Racing Through the Dark: The Fall and Rise of David Millar

Home > Other > Racing Through the Dark: The Fall and Rise of David Millar > Page 11
Racing Through the Dark: The Fall and Rise of David Millar Page 11

by David Millar


  I didn’t race in the 1998 Tour de France, when that dark world was finally exposed for all to see. The Festina affair was triggered when a Festina team car, searched as it crossed the border from Belgium to France, was found to contain a substantial quantity of drugs.

  The Festina team was filled with the French darlings of the time – Richard Virenque, Laurent Brochard, Pascal Hervé, Didier Rous and Christophe Moreau. It was the biggest doping scandal to ever hit cycling and dramatically revealed what had been hidden within the professional ranks for years.

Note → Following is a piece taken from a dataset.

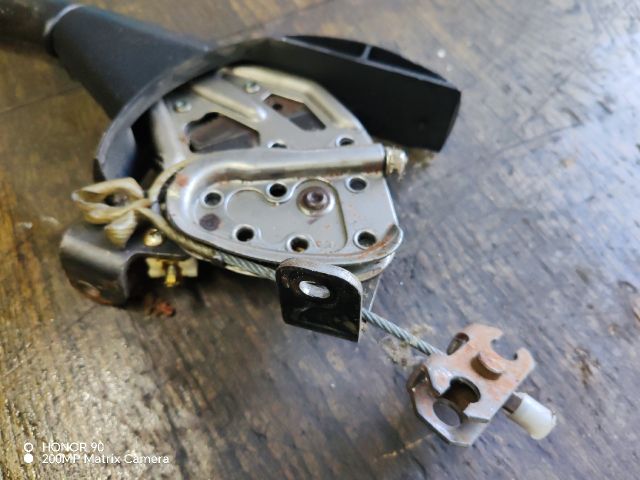 bontott SUZUKI ALTO Kézifék Kar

  If the customs officials had not stopped that Festina car, and if the French police had not made arrests and begun investigating the Festina team, there is no doubt in my mind that nothing would ever have changed. Professional cycling had reached a point at which it was incapable of confronting or fixing its own problems; the sport had failed, monumentally. The enforcers of criminal and civil law had to act in order to begin the long and difficult clean-up that has been going on ever since.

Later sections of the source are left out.